Below is a listing; retype exactly the lines between the one containing "51477213319 Bmw 2010-2017" and the one containing "2008 Honda Element EX", inclusive, minus the pictures.
── Source material ──
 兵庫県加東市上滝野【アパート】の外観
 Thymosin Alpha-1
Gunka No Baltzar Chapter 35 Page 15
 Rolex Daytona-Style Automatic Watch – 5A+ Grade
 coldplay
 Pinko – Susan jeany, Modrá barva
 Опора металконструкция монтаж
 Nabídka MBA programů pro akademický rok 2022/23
───
── Source material ──
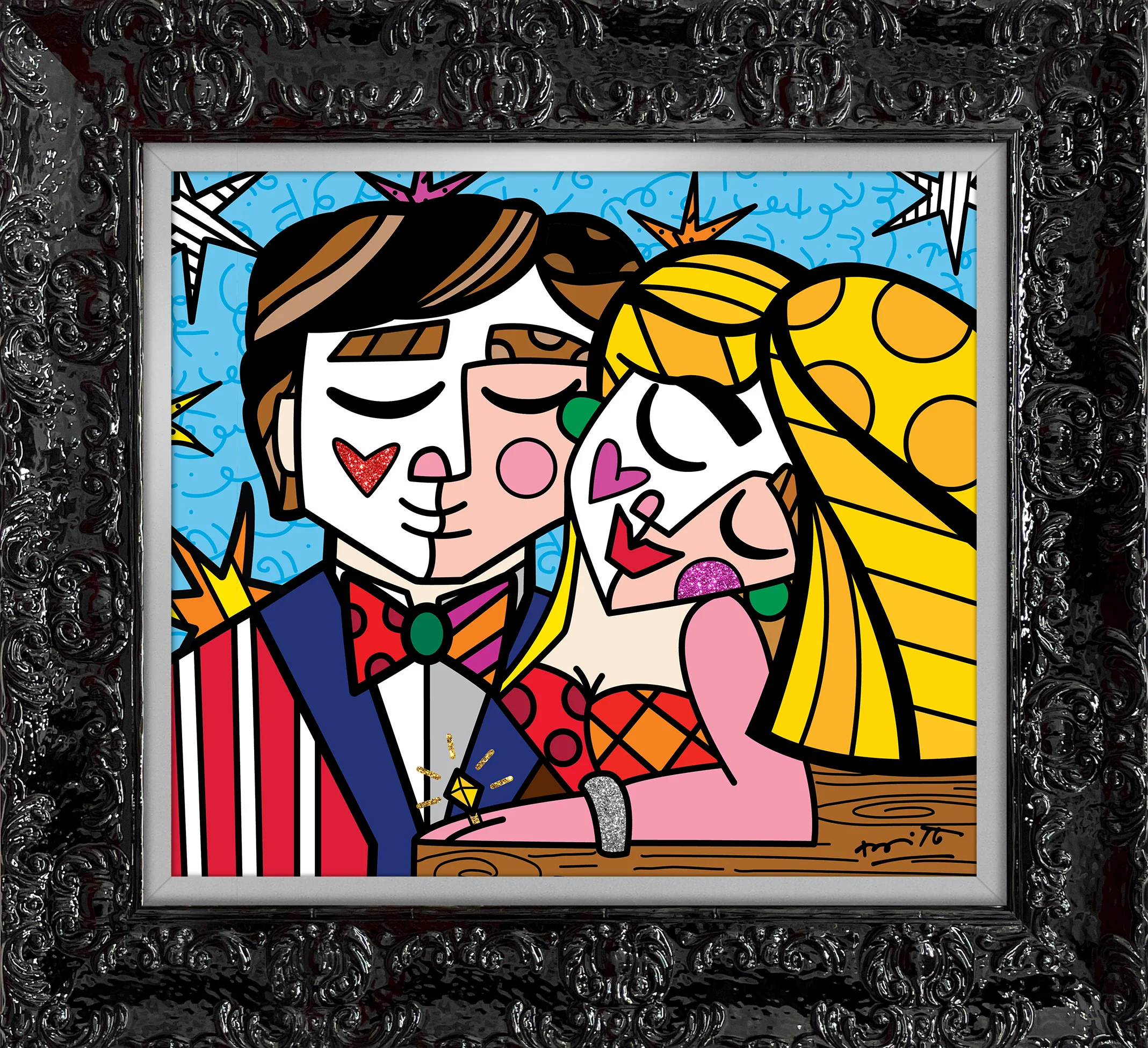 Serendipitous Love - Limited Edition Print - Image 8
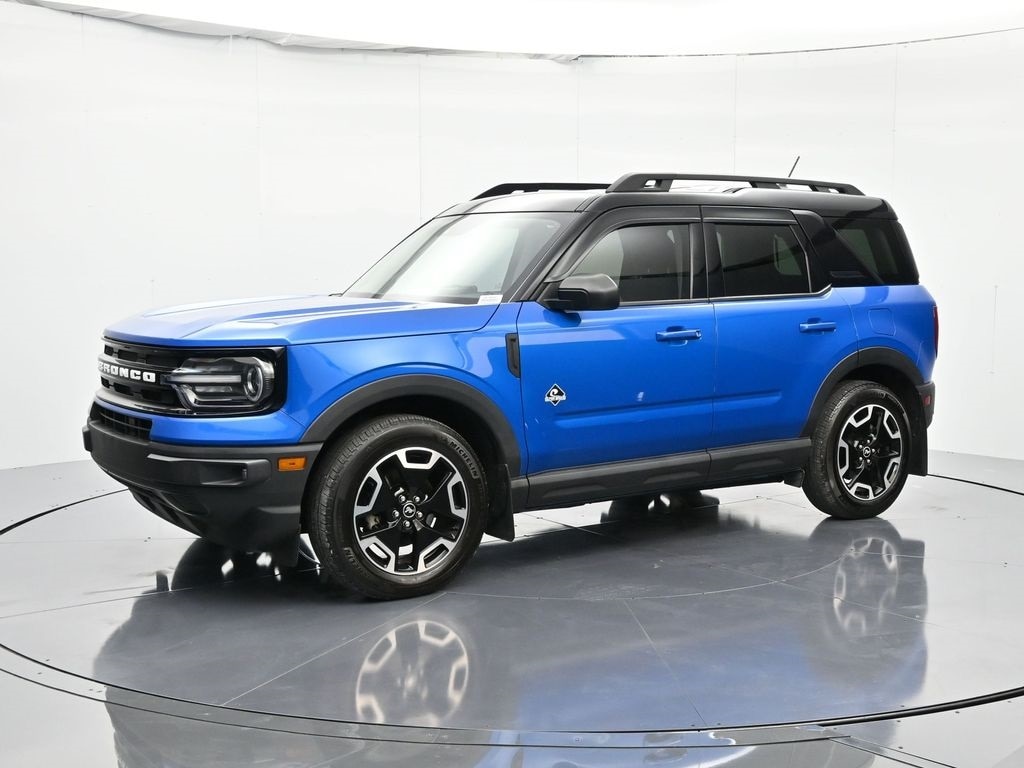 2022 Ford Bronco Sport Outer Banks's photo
───
── Source material ──
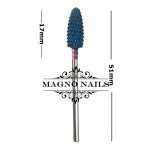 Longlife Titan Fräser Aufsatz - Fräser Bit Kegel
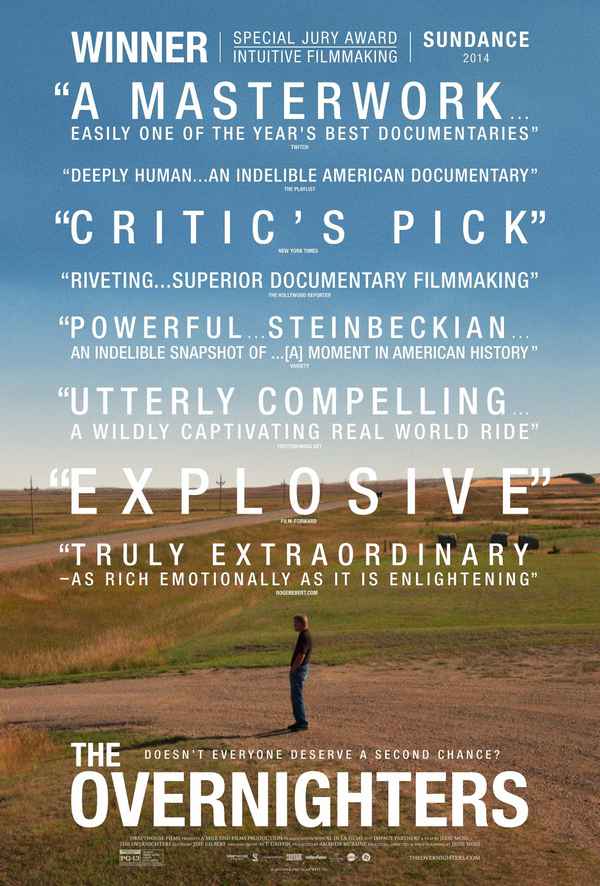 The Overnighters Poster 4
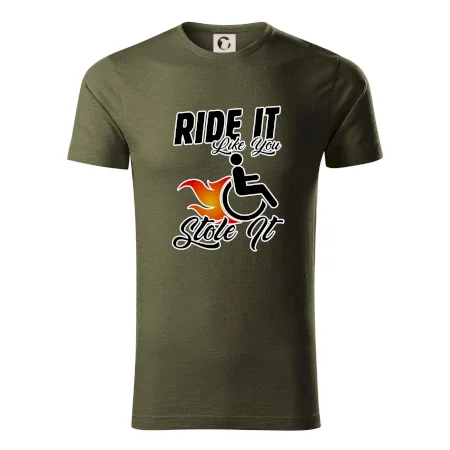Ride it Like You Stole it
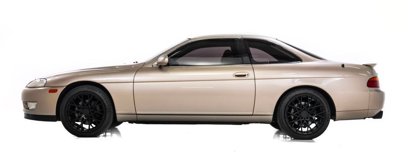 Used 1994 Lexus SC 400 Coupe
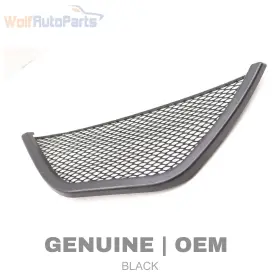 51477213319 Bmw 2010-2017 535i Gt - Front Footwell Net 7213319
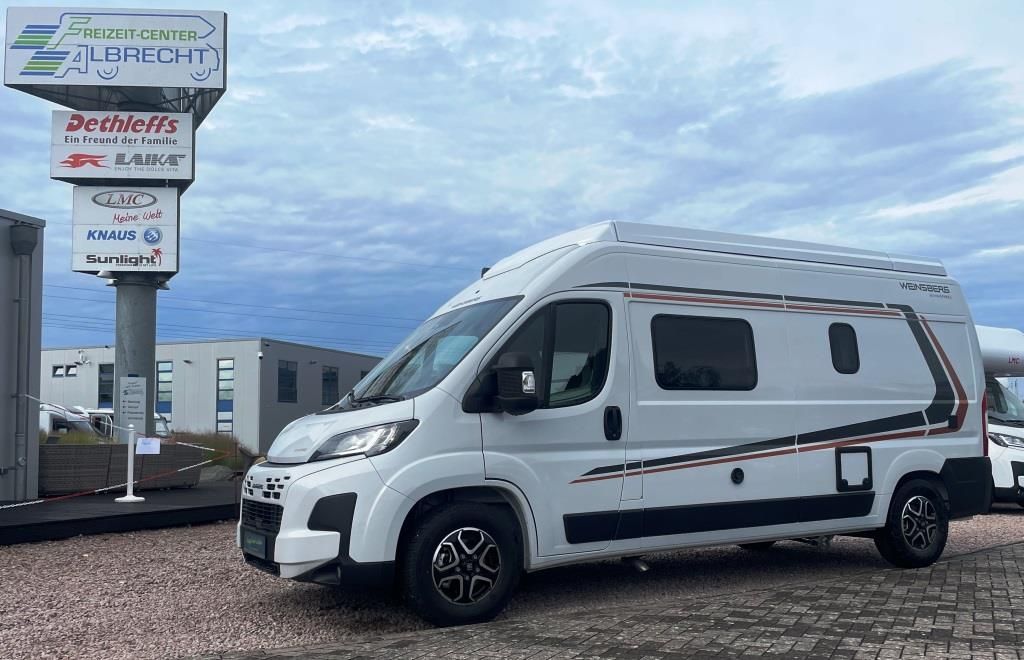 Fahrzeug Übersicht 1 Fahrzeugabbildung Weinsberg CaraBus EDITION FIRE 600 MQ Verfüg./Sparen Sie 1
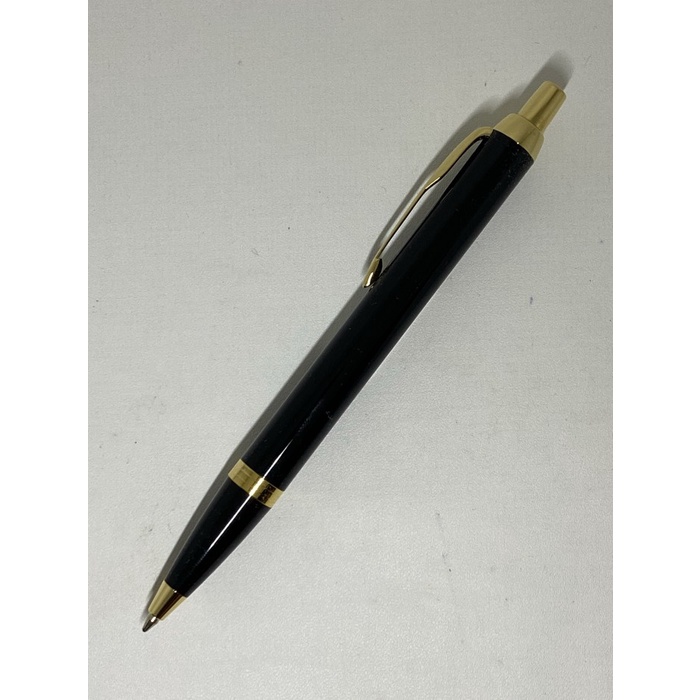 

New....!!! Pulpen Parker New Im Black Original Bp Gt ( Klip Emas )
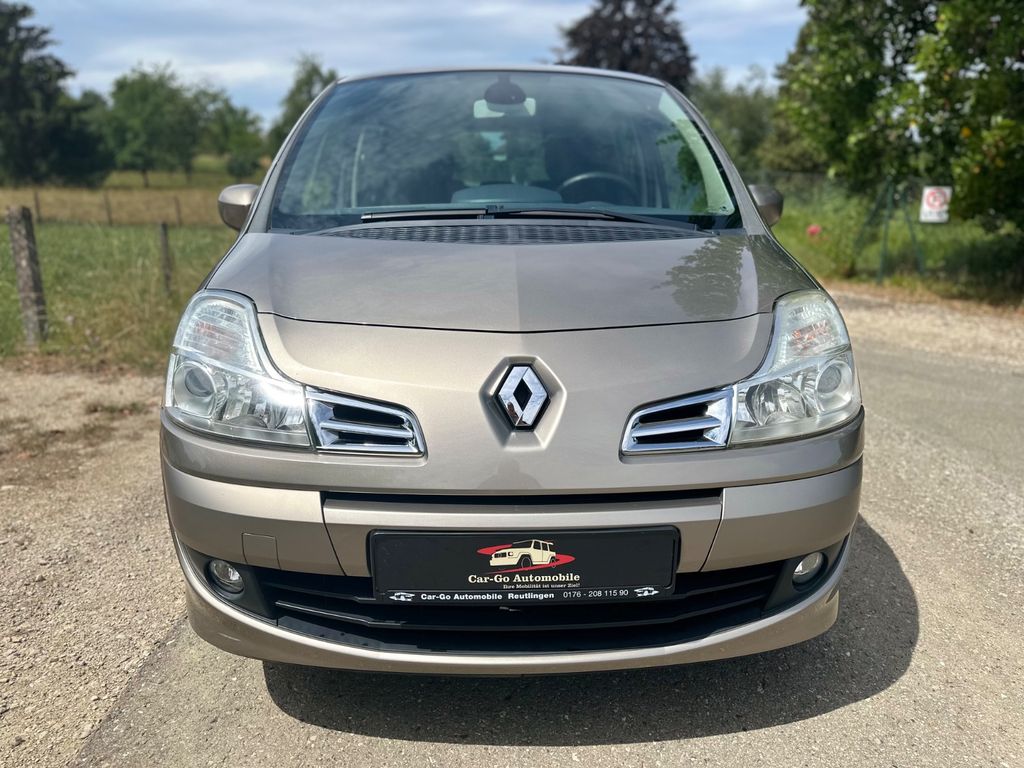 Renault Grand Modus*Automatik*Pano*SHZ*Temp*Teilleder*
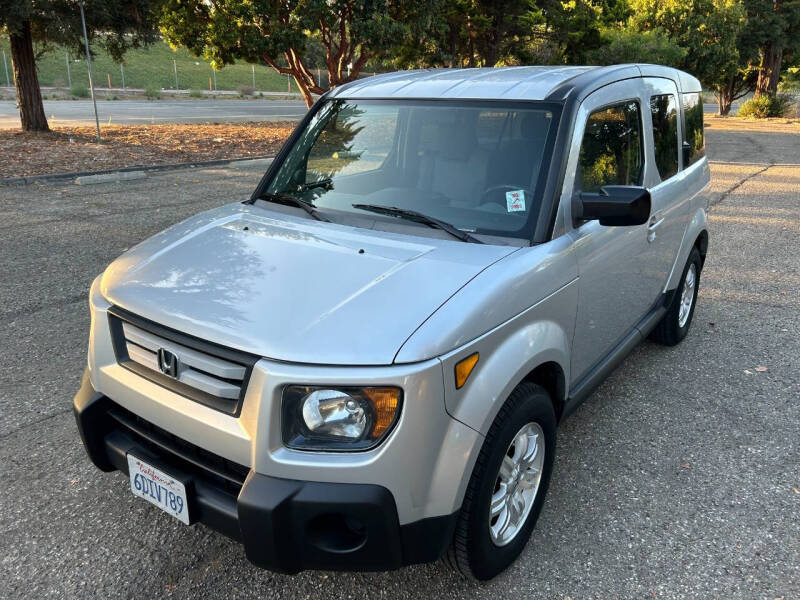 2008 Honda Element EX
───
Task response:
 51477213319 Bmw 2010-2017 535i Gt - Front Footwell Net 7213319
 Fahrzeug Übersicht 1 Fahrzeugabbildung Weinsberg CaraBus EDITION FIRE 600 MQ Verfüg./Sparen Sie 1

New....!!! Pulpen Parker New Im Black Original Bp Gt ( Klip Emas )
 Renault Grand Modus*Automatik*Pano*SHZ*Temp*Teilleder*
 2008 Honda Element EX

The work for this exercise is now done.